TANGERANG SELATAN, KOMPAS.com - Suami yang melakukan tindak kekerasan dalam rumah tangga (KDRT) dan melarang istri bertemu bayinya di Serpong, Tangerang Selatan, telah melanggar hak anak.
Komisioner Komisi Perlindungan Anak Indonesia (KPAI) Jasra Putra menjelaskan, setiap anak berhak diasuh dan dibesarkan oleh orangtuanya.
Hal tersebut diatur dalam Undang-Undang (UU) tentang Perlindungan Anak.
"Setiap anak berhak diasuh dan dibesarkan oleh orangtuanya dan memiliki hak untuk mengetahui siapa orangtuanya," ujar Jasra kepada Kompas.com, Rabu (21/4/2021).
Baca juga: Tak Mau Pompa ASI karena Kesakitan, Seorang Ibu Dianiaya Suaminya di Serpong
Untuk itu, larangan istri berinisial AN (29) bertemu sang buah hati oleh suaminya CC (33) termasuk pelanggaran terhadap hak anak.
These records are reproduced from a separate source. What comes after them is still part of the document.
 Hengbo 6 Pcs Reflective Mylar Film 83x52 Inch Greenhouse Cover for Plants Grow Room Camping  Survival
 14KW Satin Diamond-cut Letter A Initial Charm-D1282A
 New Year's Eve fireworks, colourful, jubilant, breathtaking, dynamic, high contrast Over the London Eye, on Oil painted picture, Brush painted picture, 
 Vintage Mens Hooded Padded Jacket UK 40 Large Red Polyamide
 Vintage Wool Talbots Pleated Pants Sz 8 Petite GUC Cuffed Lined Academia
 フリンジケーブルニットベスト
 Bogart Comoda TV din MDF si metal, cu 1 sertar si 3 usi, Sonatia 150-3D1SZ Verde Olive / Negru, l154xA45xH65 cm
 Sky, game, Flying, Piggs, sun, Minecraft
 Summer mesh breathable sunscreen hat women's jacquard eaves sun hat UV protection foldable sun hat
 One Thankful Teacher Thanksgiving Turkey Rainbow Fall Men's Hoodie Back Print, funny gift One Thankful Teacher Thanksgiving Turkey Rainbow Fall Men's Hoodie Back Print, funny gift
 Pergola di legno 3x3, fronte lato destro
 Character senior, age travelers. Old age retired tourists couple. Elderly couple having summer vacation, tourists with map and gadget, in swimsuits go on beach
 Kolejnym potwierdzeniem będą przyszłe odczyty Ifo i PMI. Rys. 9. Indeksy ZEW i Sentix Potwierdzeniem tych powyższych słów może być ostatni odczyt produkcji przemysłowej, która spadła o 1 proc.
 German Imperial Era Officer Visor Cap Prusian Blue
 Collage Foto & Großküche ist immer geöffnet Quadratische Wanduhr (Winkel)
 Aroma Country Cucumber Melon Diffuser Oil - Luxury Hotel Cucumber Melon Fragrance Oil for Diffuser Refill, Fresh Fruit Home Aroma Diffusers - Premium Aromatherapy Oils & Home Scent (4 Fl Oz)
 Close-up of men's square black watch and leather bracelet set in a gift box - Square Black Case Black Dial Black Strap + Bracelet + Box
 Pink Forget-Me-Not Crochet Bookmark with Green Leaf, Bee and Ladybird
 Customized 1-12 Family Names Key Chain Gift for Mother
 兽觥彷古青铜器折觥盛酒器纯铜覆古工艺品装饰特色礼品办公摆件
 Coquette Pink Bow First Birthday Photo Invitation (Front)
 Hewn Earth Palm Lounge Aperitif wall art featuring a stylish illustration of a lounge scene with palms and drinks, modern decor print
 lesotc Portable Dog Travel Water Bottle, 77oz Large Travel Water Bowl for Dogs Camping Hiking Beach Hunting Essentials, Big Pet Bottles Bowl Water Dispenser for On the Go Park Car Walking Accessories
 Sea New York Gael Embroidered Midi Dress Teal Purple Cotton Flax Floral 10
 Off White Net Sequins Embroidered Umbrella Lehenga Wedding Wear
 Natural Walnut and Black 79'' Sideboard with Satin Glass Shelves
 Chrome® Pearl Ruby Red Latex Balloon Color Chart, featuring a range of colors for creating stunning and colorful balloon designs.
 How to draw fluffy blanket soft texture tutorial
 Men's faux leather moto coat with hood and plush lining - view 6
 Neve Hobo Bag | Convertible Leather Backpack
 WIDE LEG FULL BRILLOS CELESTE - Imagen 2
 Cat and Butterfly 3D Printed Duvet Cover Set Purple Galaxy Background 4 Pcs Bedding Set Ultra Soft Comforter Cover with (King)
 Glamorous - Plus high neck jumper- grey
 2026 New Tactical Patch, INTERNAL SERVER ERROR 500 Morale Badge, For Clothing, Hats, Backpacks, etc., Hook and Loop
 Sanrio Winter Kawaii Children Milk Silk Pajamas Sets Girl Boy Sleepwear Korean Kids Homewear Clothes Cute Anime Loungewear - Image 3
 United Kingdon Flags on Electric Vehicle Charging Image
Terlebih lagi, kata Jasra, anak yang terdampak dalam kasus KDRT ini masih berusia satu bulan dan membutuhkan air susu ibu (ASI) secara eksklusif.
"Maka segala upaya menghalang-halangi akses bertemu tersebut merupakan bentuk pelanggaran hak anak," jelas Jasra.
Diberitakan sebelumnya, AN dianiaya suaminya karena tidak mau memompa ASI.
AN menolak memompa ASI-nya karena kesakitan tiap kali memompa ASI.
Buntut dari KDRT itu, AN tak dapat menemui buah hatinya.
Baca juga: Dianiaya Suami karena Tolak Pompa ASI, Ibu di Serpong Juga Dilarang Bertemu Anaknya
AN menuturkan, KDRT itu bermula ketika sang suami, CC (33), memaksa dia untuk memompa ASI-nya di apartemen mereka di daerah Serpong, Tangerang Selatan, Sabtu (17/4/2021), sekitar pukul 10.30 WIB.
Sebelum dia memompa ASI, AN meminta dibelikan kacang almond untuk memperlancar dan memperbanyak ASI-nya.
"Saya mikir kalau beli susu mahal, tapi suami malah marah," ungkap AN melalui pesan singkat, Selasa.
"Dia (CC) malah marah dan bilang kalau makanan asupan itu tidak terlalu penting," sambung dia.
Kata AN, CC menganggap bahwa yang terpenting adalah ASI harus dipompa setiap hari.